Does anyone know if Radio Martí on 1180 are running AM HD? I ask because I was trying to ID a station on 1170 kHz (which turned out to be WAVS) and there was a very high level of on-channel noise. The noise didn't sound 100% random, as if it had structure, making me think it might be HD on Martí. Without having an AM HD receiver, I wasn't able to check.
 
Does anyone know if Radio Martí on 1180 are running AM HD? I ask because I was trying to ID a station on 1170 kHz (which turned out to be WAVS) and there was a very high level of on-channel noise. The noise didn't sound 100% random, as if it had structure, making me think it might be HD on Martí. Without having an AM HD receiver, I wasn't able to check.
I have never seen any reports of Radio Marti using HD. And why would they?

KOTV 1170 in Tulsa uses HD, and my receiver here in Houston senses the HD signal but doesn’t lock due to a local station on 1180.

I have seen reports of KSL 1160 in Salt Lake City using HD, but cannot confirm if that is actually active.
 
I have never seen any reports of Radio Marti using HD. And why would they?

KOTV 1170 in Tulsa uses HD, and my receiver here in Houston senses the HD signal but doesn’t lock due to a local station on 1180.
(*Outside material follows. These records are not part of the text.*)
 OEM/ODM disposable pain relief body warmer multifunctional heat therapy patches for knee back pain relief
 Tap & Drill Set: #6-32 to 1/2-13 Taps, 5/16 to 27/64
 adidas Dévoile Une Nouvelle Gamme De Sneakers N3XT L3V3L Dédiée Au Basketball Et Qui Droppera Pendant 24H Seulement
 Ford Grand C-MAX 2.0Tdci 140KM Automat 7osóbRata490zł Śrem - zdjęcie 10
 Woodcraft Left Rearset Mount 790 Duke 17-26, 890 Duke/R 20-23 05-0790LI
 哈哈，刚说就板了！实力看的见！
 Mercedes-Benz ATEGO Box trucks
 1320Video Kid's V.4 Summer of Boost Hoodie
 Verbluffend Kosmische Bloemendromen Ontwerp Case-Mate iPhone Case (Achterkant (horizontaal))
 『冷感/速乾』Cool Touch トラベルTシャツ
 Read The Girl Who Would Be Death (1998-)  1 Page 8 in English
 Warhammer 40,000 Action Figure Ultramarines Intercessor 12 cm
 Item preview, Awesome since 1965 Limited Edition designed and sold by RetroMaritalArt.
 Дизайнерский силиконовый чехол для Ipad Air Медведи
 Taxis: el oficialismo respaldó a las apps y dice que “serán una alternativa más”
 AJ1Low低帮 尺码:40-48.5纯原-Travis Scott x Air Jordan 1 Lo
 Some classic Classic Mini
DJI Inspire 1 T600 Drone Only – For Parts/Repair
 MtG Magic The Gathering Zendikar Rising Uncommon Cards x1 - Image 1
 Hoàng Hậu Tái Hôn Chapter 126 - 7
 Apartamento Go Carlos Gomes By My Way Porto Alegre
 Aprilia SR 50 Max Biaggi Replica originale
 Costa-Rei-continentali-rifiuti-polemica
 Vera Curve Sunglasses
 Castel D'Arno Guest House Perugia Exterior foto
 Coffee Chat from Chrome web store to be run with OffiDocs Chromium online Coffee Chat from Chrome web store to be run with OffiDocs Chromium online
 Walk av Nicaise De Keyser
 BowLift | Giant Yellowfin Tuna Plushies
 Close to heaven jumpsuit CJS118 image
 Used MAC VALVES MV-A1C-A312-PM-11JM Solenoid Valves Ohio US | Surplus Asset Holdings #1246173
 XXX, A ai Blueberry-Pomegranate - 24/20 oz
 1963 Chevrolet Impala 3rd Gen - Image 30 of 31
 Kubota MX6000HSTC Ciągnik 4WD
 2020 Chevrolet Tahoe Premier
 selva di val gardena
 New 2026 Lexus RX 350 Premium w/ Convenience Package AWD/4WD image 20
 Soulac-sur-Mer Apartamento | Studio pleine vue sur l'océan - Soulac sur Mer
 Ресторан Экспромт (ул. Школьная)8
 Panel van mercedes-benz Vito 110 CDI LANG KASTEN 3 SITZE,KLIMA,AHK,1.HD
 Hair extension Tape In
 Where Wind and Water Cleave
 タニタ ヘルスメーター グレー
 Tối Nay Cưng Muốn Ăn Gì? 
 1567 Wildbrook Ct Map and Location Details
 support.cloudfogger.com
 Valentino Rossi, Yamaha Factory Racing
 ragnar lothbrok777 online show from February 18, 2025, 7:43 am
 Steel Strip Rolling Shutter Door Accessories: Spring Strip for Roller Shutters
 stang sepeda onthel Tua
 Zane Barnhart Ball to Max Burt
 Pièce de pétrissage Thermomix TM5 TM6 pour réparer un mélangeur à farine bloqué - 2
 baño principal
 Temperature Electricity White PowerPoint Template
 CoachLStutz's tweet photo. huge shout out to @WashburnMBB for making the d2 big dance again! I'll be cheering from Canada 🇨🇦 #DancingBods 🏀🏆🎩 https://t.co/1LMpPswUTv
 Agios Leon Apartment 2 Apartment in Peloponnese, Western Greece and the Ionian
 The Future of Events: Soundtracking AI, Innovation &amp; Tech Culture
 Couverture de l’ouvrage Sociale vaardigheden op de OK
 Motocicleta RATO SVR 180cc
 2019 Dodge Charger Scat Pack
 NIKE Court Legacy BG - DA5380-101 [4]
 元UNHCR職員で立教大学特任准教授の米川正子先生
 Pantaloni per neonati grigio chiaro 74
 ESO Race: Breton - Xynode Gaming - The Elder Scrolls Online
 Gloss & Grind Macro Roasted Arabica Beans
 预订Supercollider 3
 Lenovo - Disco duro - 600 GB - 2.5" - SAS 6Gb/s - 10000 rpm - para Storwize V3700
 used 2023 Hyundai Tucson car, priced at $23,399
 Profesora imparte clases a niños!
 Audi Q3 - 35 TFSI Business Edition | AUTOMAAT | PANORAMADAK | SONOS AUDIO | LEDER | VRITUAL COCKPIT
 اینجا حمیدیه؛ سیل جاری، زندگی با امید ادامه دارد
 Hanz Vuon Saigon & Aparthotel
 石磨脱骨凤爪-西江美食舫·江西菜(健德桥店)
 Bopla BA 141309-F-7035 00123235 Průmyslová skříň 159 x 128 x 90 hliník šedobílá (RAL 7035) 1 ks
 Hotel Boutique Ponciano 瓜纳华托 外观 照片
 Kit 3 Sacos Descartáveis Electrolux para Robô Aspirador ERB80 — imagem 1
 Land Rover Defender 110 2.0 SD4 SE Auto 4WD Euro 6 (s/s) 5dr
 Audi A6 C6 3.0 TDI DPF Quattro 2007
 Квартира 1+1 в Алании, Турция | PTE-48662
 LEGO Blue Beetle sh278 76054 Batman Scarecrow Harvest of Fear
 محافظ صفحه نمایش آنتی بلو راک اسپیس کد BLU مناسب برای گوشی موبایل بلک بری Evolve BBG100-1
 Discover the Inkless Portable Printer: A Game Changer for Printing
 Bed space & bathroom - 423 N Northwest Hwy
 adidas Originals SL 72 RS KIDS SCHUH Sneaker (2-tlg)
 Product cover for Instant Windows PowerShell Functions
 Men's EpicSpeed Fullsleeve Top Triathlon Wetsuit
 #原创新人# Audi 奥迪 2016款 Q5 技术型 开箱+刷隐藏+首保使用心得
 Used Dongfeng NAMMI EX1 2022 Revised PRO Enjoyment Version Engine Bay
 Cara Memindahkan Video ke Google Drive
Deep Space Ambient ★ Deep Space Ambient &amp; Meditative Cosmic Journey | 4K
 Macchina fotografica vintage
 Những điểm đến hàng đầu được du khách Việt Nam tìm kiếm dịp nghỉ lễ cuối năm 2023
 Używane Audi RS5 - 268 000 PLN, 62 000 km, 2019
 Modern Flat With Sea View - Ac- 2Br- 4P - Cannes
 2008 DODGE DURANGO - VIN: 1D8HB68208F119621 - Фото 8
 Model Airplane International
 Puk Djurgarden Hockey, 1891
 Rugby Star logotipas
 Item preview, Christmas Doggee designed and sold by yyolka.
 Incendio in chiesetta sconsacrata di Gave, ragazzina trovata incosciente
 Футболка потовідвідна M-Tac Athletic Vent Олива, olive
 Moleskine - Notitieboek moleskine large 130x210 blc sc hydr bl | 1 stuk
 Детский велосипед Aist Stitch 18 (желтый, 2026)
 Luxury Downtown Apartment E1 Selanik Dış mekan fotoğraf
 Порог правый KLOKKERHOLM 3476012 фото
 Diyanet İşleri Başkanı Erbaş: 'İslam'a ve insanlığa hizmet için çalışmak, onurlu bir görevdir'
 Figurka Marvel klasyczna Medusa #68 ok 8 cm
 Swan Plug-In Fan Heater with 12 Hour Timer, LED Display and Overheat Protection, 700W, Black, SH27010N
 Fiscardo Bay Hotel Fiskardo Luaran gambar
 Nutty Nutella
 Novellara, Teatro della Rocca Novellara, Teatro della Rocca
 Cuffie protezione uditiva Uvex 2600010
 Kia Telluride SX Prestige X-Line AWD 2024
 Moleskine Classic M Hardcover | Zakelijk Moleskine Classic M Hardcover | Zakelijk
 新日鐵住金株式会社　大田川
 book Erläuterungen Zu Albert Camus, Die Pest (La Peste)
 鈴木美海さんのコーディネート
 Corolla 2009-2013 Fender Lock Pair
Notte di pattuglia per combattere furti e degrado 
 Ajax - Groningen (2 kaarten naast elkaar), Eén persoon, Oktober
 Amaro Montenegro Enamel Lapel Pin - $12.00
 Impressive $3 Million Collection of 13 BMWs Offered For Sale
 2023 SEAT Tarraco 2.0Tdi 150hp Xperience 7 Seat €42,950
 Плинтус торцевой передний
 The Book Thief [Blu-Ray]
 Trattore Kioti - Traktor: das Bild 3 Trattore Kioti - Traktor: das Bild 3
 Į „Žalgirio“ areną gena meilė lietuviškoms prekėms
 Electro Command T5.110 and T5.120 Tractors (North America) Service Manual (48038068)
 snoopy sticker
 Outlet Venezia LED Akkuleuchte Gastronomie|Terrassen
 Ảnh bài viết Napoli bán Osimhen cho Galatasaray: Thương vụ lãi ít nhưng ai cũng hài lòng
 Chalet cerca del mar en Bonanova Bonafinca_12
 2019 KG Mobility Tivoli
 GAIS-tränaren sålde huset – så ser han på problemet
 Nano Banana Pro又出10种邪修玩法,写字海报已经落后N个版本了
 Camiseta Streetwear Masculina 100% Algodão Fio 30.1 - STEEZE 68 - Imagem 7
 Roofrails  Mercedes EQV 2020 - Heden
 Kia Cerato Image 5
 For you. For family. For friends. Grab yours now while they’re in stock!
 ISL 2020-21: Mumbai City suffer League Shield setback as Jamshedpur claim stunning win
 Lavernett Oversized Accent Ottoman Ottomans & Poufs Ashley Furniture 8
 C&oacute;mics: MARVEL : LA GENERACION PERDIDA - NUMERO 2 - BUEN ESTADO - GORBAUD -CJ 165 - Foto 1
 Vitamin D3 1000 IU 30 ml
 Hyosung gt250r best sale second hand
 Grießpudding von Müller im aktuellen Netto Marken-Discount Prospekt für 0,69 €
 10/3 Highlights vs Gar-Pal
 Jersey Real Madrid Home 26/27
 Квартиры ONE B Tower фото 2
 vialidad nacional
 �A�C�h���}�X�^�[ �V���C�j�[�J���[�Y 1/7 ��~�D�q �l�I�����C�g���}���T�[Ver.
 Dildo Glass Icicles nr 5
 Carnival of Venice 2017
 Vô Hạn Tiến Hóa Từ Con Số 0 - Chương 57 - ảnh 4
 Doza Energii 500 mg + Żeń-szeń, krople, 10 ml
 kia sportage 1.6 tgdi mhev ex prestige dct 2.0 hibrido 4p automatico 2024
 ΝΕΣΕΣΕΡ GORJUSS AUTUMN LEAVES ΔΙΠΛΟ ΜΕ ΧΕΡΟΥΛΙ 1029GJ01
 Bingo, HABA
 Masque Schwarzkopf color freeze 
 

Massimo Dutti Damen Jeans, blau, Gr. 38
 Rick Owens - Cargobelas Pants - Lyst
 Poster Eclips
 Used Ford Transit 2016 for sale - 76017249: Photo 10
I have seen reports of KSL 1160 in Salt Lake City using HD, but cannot confirm if that is actually active.
KSL 1160 does indeed use HD, and it was active as recently as last month (when I was listening in my car one evening, the radio locked on to KSL's HD signal for a few seconds).

c
 
KSL 1160 does indeed use HD, and it was active as recently as last month (when I was listening in my car one evening, the radio locked on to KSL's HD signal for a few seconds).

c
Does AM HD sound just as good as AM stereo? My HD Radio SageEAN HD18 picks up WMLV (AM Stereo) but I have never heard AM HD
 
Does AM HD sound just as good as AM stereo? My HD Radio SageEAN HD18 picks up WMLV (AM Stereo) but I have never heard AM HD
It's hard to say, but, while it was quieter, in my opinion, the overall sound quality of AM stereo (or, frankly, even normal mono AM on a decent radio) is better, if only because there's no artifacts from the HD encoder's relatively low bitrate. But, I'm picky about such things; the average person probably wouldn't care.

c
 
KOTV 1170 in Tulsa uses HD, and my receiver here in Houston senses the HD signal but doesn’t lock due to a local station on 1180.
Every so often up here in Montgomery County I’ve been able to lock in KOTV but never for very long. I’m far enough away from that reduced 1180.